My conf/drill-env.sh file looks like:
DRILL_MAX_DIRECT_MEMORY="14G"
DRILL_HEAP="14G"
export DRILL_JAVA_OPTS="-Xms$DRILL_HEAP -Xmx$DRILL_HEAP -XX:MaxDirectMemorySize=$DRILL_MAX_DIRECT_MEMORY -XX:MaxPermSize=14G -XX:ReservedCodeCacheSize=1G -Ddrill.exec.enable-epoll=true"
I also did this within drill
alter system set `planner.memory.max_query_memory_per_node`=12884901888
However, when I check the memory usage using smem, it's using only about 5GB of RAM.
If i cut the table size to only 1 Million row, I can see the first query completed in 3.6seconds and the second time the same query ran, it took only 1.8 seconds
What am I missing?
Upvotes: 4
Views: 1162
Reputation: 138
I can get a query to use all available memory (as defined
by set planner.memory.max_query_memory_per_node = n
) is to
set planner.memory.min_memory_per_buffered_op = n
(the same as
planner.memory.max_query_memory_per_node.

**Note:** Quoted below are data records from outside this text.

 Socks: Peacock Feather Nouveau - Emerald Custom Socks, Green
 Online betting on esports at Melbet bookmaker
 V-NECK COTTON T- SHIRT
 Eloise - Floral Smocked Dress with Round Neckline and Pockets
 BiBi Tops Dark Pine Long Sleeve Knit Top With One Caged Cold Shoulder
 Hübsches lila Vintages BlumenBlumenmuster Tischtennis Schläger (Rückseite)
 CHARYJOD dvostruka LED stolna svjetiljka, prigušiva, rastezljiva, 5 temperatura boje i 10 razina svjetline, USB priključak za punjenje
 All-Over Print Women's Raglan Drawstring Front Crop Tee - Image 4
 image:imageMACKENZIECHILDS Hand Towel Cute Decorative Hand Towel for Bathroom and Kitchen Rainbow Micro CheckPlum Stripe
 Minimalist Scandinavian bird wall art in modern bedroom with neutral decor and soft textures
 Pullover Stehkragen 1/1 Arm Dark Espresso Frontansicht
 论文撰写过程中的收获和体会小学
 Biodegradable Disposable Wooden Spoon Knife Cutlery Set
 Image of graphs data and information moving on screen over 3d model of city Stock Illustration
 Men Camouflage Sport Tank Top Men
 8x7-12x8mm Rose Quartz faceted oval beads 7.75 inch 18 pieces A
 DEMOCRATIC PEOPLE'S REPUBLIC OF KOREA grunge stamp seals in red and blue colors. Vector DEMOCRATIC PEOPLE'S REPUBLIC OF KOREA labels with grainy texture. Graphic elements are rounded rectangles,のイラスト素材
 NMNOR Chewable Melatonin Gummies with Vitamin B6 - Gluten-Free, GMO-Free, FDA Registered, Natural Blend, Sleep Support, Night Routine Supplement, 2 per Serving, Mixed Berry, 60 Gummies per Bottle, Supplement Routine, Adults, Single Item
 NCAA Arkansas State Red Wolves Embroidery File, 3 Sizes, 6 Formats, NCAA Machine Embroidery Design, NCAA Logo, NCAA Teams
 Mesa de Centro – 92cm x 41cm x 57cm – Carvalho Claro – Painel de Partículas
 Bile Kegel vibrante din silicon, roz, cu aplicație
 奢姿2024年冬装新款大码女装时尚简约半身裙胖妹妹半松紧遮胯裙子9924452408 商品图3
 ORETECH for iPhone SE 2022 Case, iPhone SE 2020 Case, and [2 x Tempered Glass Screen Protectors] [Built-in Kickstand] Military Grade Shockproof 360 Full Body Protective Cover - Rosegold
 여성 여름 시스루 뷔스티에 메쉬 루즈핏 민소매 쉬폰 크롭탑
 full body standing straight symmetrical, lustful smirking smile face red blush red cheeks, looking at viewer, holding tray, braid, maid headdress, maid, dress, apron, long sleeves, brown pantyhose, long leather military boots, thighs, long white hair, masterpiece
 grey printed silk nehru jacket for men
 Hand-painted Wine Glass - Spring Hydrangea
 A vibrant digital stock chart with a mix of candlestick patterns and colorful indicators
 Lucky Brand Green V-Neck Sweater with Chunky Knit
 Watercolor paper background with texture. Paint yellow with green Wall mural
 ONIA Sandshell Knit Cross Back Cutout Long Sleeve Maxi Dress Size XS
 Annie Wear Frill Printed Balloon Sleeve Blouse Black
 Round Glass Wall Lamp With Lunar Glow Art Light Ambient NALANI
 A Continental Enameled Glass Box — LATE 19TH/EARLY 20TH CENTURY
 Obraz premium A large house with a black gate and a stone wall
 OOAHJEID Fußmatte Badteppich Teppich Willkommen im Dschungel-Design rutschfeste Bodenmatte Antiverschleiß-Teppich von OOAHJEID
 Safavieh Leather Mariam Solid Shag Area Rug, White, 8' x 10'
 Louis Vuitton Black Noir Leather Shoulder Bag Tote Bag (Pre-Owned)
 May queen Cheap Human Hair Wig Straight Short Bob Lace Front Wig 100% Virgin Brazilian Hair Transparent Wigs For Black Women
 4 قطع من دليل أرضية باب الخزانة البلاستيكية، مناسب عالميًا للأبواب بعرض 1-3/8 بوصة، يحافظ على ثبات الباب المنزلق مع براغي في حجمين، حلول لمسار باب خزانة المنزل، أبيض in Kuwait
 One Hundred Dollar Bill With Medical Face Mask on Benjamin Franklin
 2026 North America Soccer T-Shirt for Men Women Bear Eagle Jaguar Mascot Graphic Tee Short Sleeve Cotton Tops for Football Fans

I couldn't find any documentation on the set planner.memory.min_memory_per_buffered_op and am unsure if this is expect behavour.
Upvotes: 0
Reputation: 4010
You only have 16 GB of RAM, it's not possible for Drill to use 14 GB for heap and 14 GB for direct memory. These types of memory do not overlap.
I suggest you leave like 2 GB for your OS, so you have 14 GB left, assign 12 GB for direct memory and 2 GB for heap.
You'll find an option named planner.width.max_per_node with the value of 70% of your cores count. Increase that to the amount you see fit.
You may want to read the answers for this question.
Upvotes: 1